# Ford Ranger 4cyl to 6 cyl conerversion questions



## Fireline20 (Oct 2, 2007)

Guys;

I have a 1992 Ford Explorer 4x4 with a blown 4 cyl engine and I am thinking about dropping a 6 cyl in rather than replace it with another 4 cyl. Problem is, I am not a motor head so I am sure how or even if this can be done.

Will the 6 cyl just drop right end with no conversion to the drive drain and differential?

What parts are compatable between the two, ie, water pump, altenator, oil pump, etc.

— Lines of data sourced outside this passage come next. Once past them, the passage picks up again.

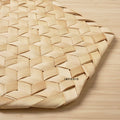 IMPODIO Placemat Alas Tatakan Piring Anyaman rotan plastik - lifestyle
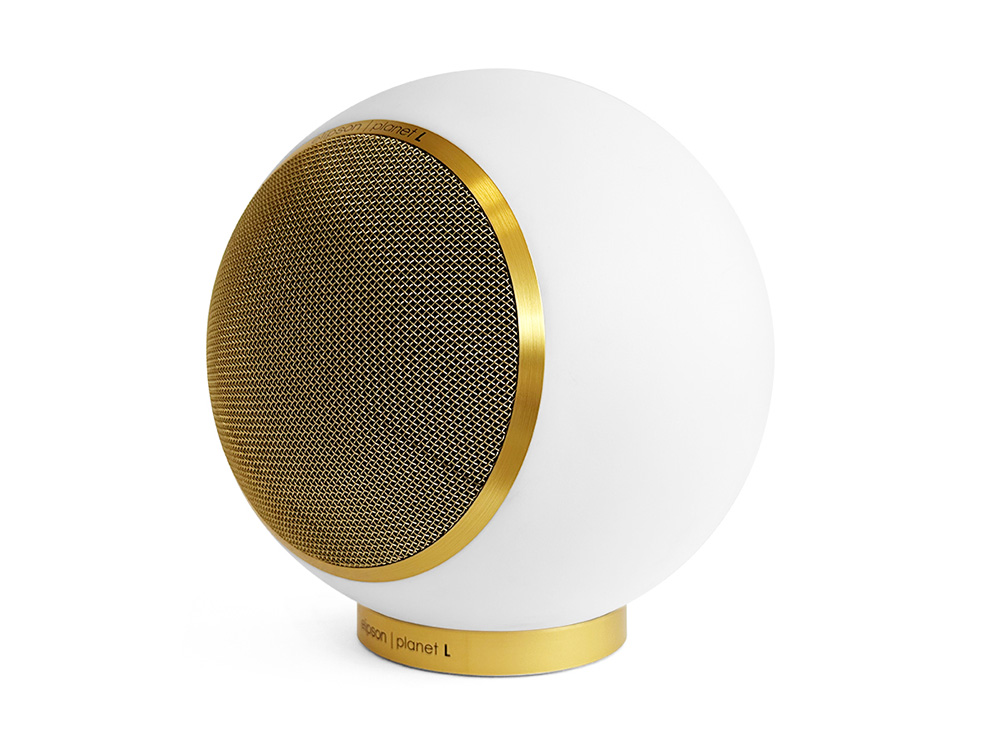 Planet L 2.0 Mercury Ice Gold Edition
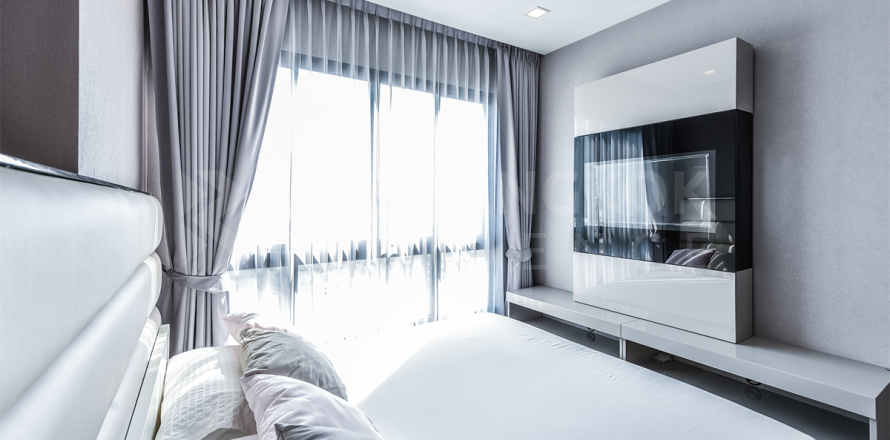 Condo in Bangkok, Thailand, 2 bedrooms № 184226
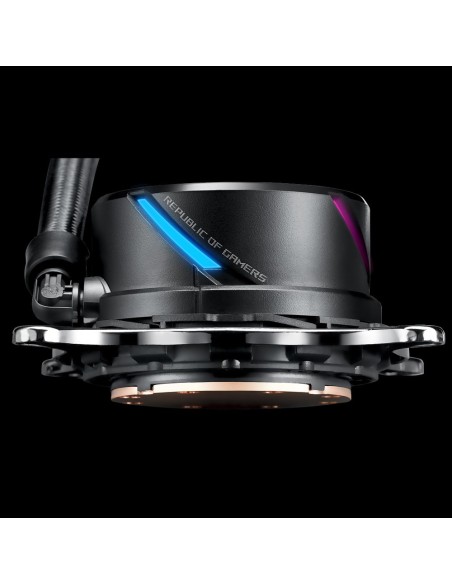 ASUS ROG STRIX LC 360 Processore Raffreddatore di liquidi tutto in uno 12 cm Nero ASUS ROG STRIX LC 360 Processore Raffreddatore di liquidi tutto in uno 12 cm Nero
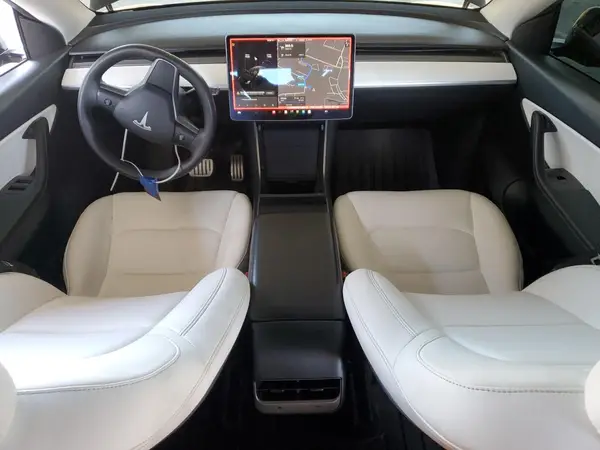 5YJYGDEF0MF089143 2021 TESLA MODEL Y - Image 8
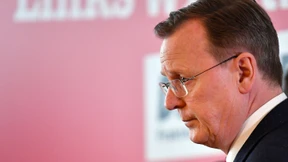 Ramelow beklagt Verfolgung durch Identitäre Bewegung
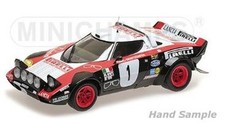 Minichamps 1:18 LANCIA STRATOS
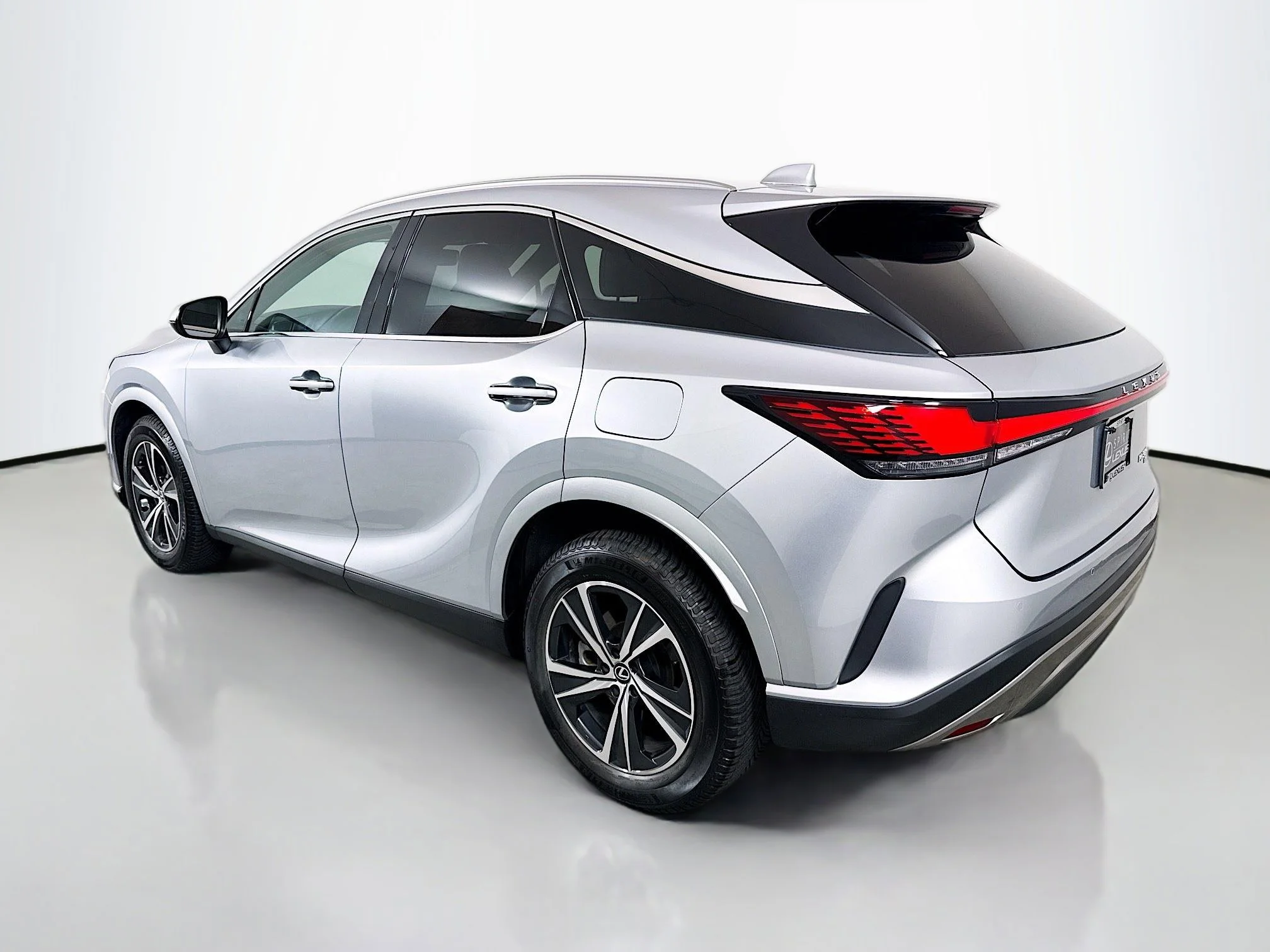 Certified Used 2023 IRIDIUM Lexus 350 Premium Plus image 5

It is a 5 speed manual transmission, is there anything that has to be done here to move up to a 6 cyl??

Thanks in advance


----------



## Rockfish1 (Apr 8, 2005)

possibly the computer and wiring harness to start with, motor mounts, possibly clutch linkage, transmission, throttle linkage, radiator, probably clutch, pressure plate and throw out bearing... just a couple things to do...  not really worth the hassle... modify the 4 cylinder if anything to boost the power output...


----------



## TitusV (Mar 29, 2007)

Didnt know the early explorers had a 4 cyclinder option. Used to own a 94 with the 4L 6, thought that was the standard for all models untill 97-98 when the V8 option came out. Oh well, learned something new.


----------



## Fireline20 (Oct 2, 2007)

Rockfish1 said:


> possibly the computer and wiring harness to start with, motor mounts, possibly clutch linkage, transmission, throttle linkage, radiator, probably clutch, pressure plate and throw out bearing... just a couple things to do...  not really worth the hassle... modify the 4 cylinder if anything to boost the power output...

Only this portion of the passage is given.